IBC made its observations in a press release following an analysis of the latest data available from the General Insurance Statistical Agency (GISA), a government body that collects data on premiums recorded for every private passenger vehicle in those regions of the country.
“Reaching nearly the [Cdn]$7 billion mark is an unprecedented level of savings for consumers,” said Stan Griffin, IBC’s president and CEO. In every region of the country where insurers compete for the business of consumers, auto insurance reforms have delivered substantial savings for drivers.
These benefits are the direct result of efforts by auto insurers and governments across the country to design and implement auto insurance reforms focused on the best interests of consumers.”
The IBC notes the average auto insurance premiums in Ontario decreased from approximately Cdn$1,499 per vehicle in November 2003 to Cdnn$1,260 in June of 2007 a reduction of nearly 16%.
“The savings we have seen in Ontario since the 2003 reforms represents the largest premium reduction ever seen in Canada,” says Mark Yakabuski, vice-president, federal affairs and Ontario, and incoming president of the IBC. “For Ontario drivers, it means an aggregate savings of [Cdn]$4.5 billion.”

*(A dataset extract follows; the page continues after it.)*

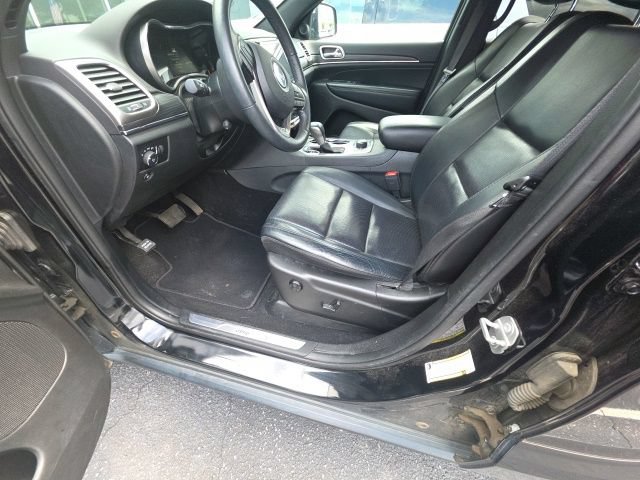Used 2019 Jeep Grand Cherokee Limited w/ Luxury Group II AWD/4WD image 9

In Alberta, Canada’s second-largest private auto insurance market, reform efforts have provided savings for consumers of Cdn$1.13 billion.
Alberta auto premiums in 2004 peaked at an average of Cdn$1,182, whereas now the average level is Cdn$1,021, a decline of nearly 14%.
Total savings available to consumers in Atlantic Canada amounted to Cdn$1.17 billion.
According to Don Forgeron, vice-president, Atlantic, IBC, these savings are a direct result of auto insurance reform efforts that focused on rising pain and suffering awards for minor injuries.
Governments in Nova Scotia, New Brunswick and PEI introduced a limit of Cdn$2,500 for the compensation paid out as pain and suffering awards for minor injuries sustained in a motor vehicle collision.
In Nova Scotia, reforms saw premiums drop from an average of Cdn$1,048 in November 2003 to Cdn$800 in June 2007.
In New Brunswick, auto premiums have dropped from an average high of Cdn$1,259 in 2003 to the current average of Cdn$797.